P.S. The 'party' means a religious holiday. You know, the public celebrations devoted to Catholic saints.


----------



## olivinha

Ah, ok, I had never seen "rocket" as a synonym for "fire cracks". So that means no real rockets in your parties? Darn! I pictured a big ol' NASA rocket in the middle of Lisbon...  
O


----------



## linguist786

Flaminius said:


> *English:*
> I now see there are several versions but the form I know is:
> Don't count your chickens before they *are hatched*.


That's the same one I've always known too 

It's a shame.. I can't think of an equivalent in Hindi/Urdu/Gujarati.
I might add them later if they comes to me.


----------



## Jeedade

Lemminkäinen said:


> In Norwegian we say "ikke selg skinnet før bjørnen er skutt", which means "don't sell the hide before the bear is shot" and carries the same meaning as the English expression.

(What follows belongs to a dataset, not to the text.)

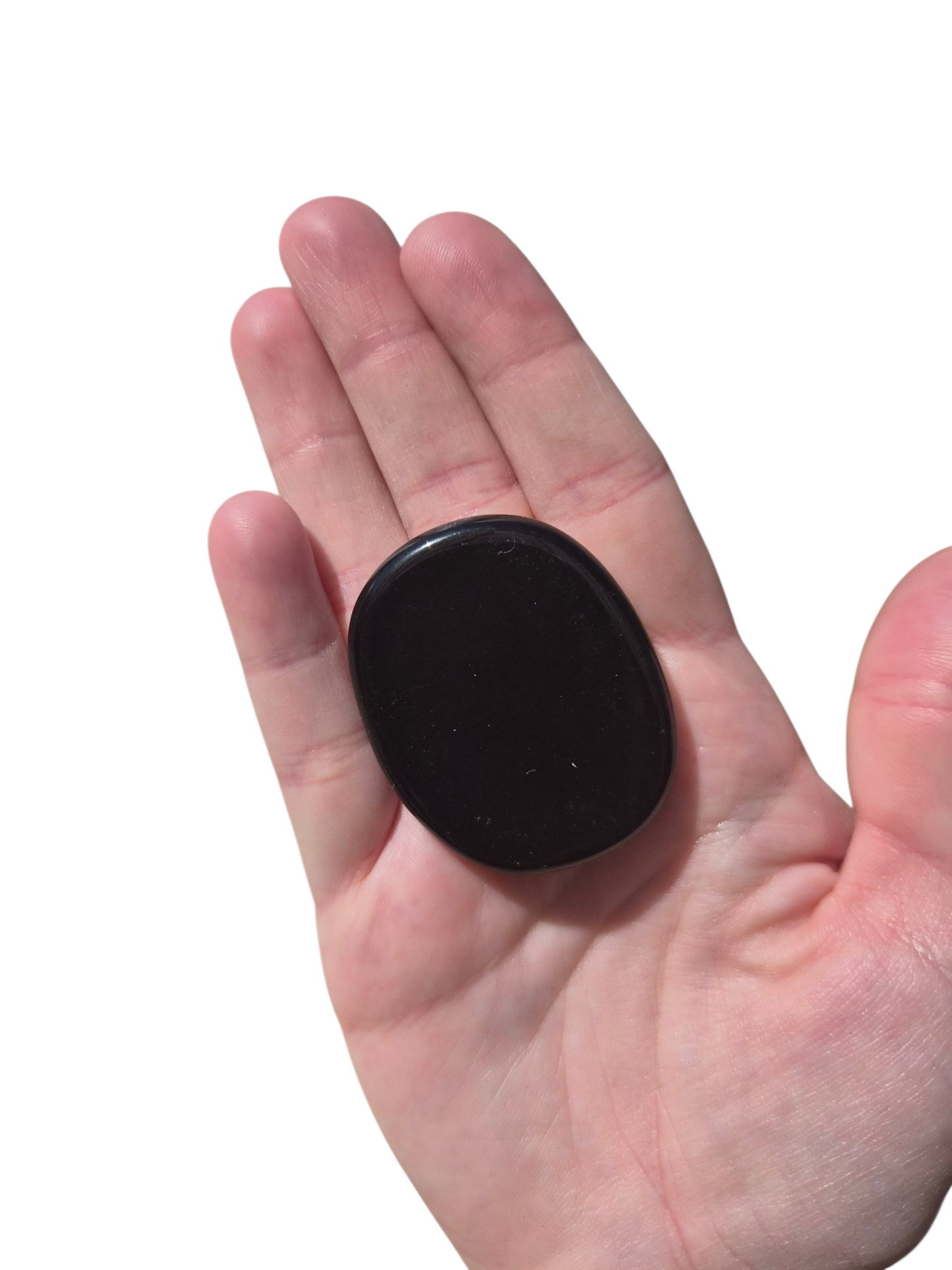 Black Obsidian Flatstone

In Dutch we say "verkoop de huid niet voor de beer geschoten is" which has the same meaning


----------



## cyberpedant

*"Call no man happy until he is dead”* Sophocles in Oedipus Tyrannus

cf.:http://www.wordwizard.com/ch_forum/topic.asp?TOPIC_ID=18799&#48309


----------



## Encolpius

Interesting that bear stuff...   Hungarian -- Ne igyál előre a medve bőrére. [don't drink to the bear's skin in advance]


----------



## bibax

In Czech:

*dělit kůži medvěda, který ještě běhá po lese* = to divide the skin of the bear, that is still running in the forest;

In the Czech political slang a favourite pastime of our MP's:

*porcování medvěda* = portioning the bear _(the talks about certain part of the state budget in the Parliament, something like "pork barrel spending" in the USA)_;


----------



## apmoy70

In Greek we use the advice given by Solon -according to Herodotus- to the Lydian king Croesus, when the former met him in Sardis, Lydia:
*«Μηδένα πρό τοῦ τέλους μακάριζε»* (in MoGr pronunciation) [miˈðena pro tu ˈtelus maˈkaɾize] --> _Count no man happy until he be dead_


----------